Waking up in a tiny NYC studio, dressing up for a morning Zoom call with their boss, pouring out freshly brewed coffee into a handmade mug and pursuing my career in social media are all a part of the “Instagrammable” moment that many girls are hyped about online nowadays.
They call this lifestyle the “it girl,” like it’s kind of a big deal, right? I try to be.
I enjoyed this aesthetic throughout the last semester in my undergraduate year. I chose to spend it in the Syracuse University New York City campus, “the Big Apple,” the melting pot, the place that hosts millions of American dreams. Or at least, that’s what I thought.
It was March 11, 2021, five days before the Atlanta spa shootings when a man brutally took the lives of eight people, including six Asian women. Two years later, I’m still reflecting on that day.
Syracuse, a small college town in upstate New York, where my undergraduate school was located, was still covered by inches of snow during March.
Multiple flyers with anti-Chinese statements were found in three buildings on campus. The message implied that Chinese students are government agents and “warned” the campus to be alert – to be alert about me, I thought, I’m Chinese.
I was upset and frustrated. It happened again. Why Chinese? Why me? Did I do something wrong?
Working in student media, I witnessed several racially-motivated hate crimes on campus over the years, and I remained silent for not “being so sensitive.” I questioned the source of my anger and got the answer from a psychology counselor in a Stop Asian Hate open forum, which I initiated.

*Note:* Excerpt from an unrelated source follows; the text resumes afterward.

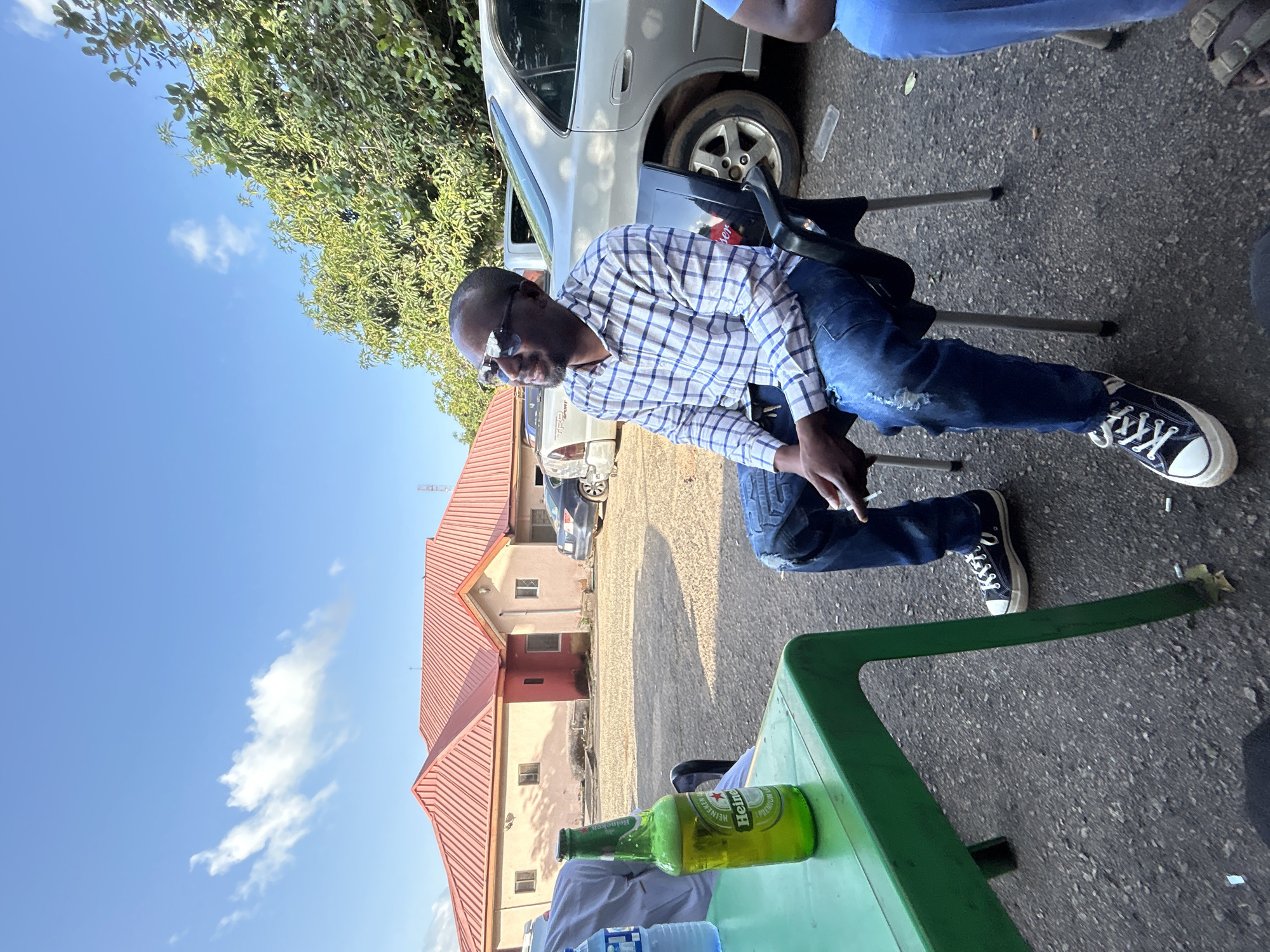 The image depicts an outdoor daytime scene in what is identified as the city of Jos, Nigeria. In the foreground, a dark-skinned male with a short beard and mustache, wearing sunglasses, a blue and white plaid long-sleeve shirt, and ripped blue jeans, is seated on a black plastic chair with metal legs. He is wearing black high-top sneakers with white laces and soles. His left hand holds a small white cylindrical object, possibly a cigarette or vape pen. He is looking upwards and to his right with a slight smile. To his left, a bright green plastic table holds a green Heineken beer bottle, partially full with foam, and a clear plastic water bottle. The lower body of another individual in blue trousers and brown sandals is partially visible to the right of the seated man. A person in a light-colored garment is partially visible behind the green table on the far left. The ground is dark grey, resembling asphalt or gravel, with several white cigarette butts scattered near the table and chairs.
In the midground and background, a silver sedan (resembling a Honda Accord) is parked behind the seated man. Further back, a white pickup truck with "TRD Sport" visible on its tailgate is parked. A single-story building with light brown or beige walls and a prominent red corrugated metal roof stands in the background, featuring several small rectangular windows. Lush green foliage and trees are visible behind the building and vehicles, particularly on the right side of the frame. The sky is bright blue with a few sparse white clouds, and the scene is illuminated by strong daylight, casting clear shadows.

She said the social anxiety comes from my intersectional identities and the long-term suppression of family culture, one that taught me that Asian girls should remain silent and invisible. My upbringing constantly challenged my worldview and the value of life. My multiple identities should be my strength; instead, they marginalize my existence.
To some extent, I try to blend in at any given social context. In the classroom–a classroom full of white students – I don’t want to be the person who always raises a question, even if it is my duty as a student. I’m too obvious as an Asian-looking girl and too sensitive as a Chinese student.
I’m afraid to dive into many topics: politics, religion, and humanitarian issues. Whenever I stand in my opinion as someone of a Chinese background, there will be counterarguments that I was brainwashed and, even worse, that I’m a “government agent,” as the flyers on campus claimed. My voice wasn’t being valued, I realized.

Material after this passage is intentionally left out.